NBFCs may face some competition in the MSME segment

PSU banks
Structural reforms to boost PSBs is also the need of the hour to improve operational efficiencies and lending practices
Namrata AcharyaT E Narasimhan Kolkata/Chennai
Last Updated : Oct 27 2017 | 12:47 AM IST
Far from losing business to public sector banks (PSBs), which will receive capital from the government, non-bank finance companies (NBFCs) expect to benefit from access to credit on better terms and more opportunities to sell banks infrastructure and priority sector loans.

NBFC executives said banks had become hesitant lenders due to capital constraints and the need to protect assets. With banks back in the credit market, competition would intensify, they added.

Better turnaround time, last-mile agility, and use of data analytics and technology provide NBFCs an edge over PSBs in the retail and SME loan segments.

Dinanath Dubhashi, managing director and chief executive officer of L&T Finance Holdings, said NBFCs’ relationship with banks had three facets -- competing for business, borrowing from banks, and selling banks infrastructure and priority sector loans.

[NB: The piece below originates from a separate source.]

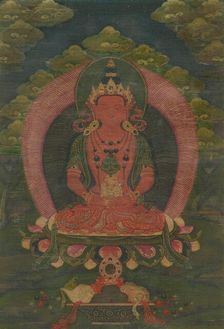 Thangka of Amitayus, 18th century. Creator: Tibetan culture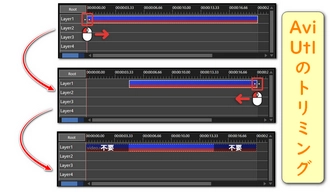 AviUtlの「トリミング」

The market borrowings of NBFCs have grown in the last 18 months taking advantage of falling interest rates on commercial paper and bonds. Yet NBFCs continue to raise a sizeable portion of resources from banks. They can expect better terms from PSBs looking to expand their loan books. 

According to rating agency ICRA, the total managed retail credit of NBFCs rose by 15 per cent in 12 months to about Rs 6.4 lakh crore by the end of June. Bank credit grew by only 6 per cent in the 12 months till June, according to the Reserve Bank of India.

The microfinance and loan against property segments continued to record moderate growth, while the performance of most other segments like commercial vehicles, passenger vehicles, two- and three-wheelers, and tractors remained largely range-bound, ICRA said.

Kaushik Banerjee, president and chief executive officer, asset-backed finance business, Magma Fincorp, said sectors that would see more credit disbursement in the coming months were government infrastructure projects, affordable housing and the MSME segment. 

NBFCs may face some competition in the MSME segment. But with formal channels accounting for only 15-20 per cent of the credit requirement of MSMEs, the business of NBFCs is unlikely to be affected. The client base of NBFCs was quite different from that of banks, Banerjee said.

Srei Equipment Finance, which depends for business growth on government infrastructure projects, is expected to benefit from bank recapitalisation, as this will lead to growth in the equipment leasing business.

“The bank recapitalisation will lead to growth in the equipment finance business and project funding will increase. Competition will rise but it is much better than no demand at all,” said Devendra Kumar Vyas, chief executive officer of the Srei Equipment Finance.

An executive with a Chennai-based finance company said recapitalisation would not intensify competition between NBFCs and PSBs. He pointed out PSBs were not strong in retail lending because they were not equipped to handle the transactional intensity.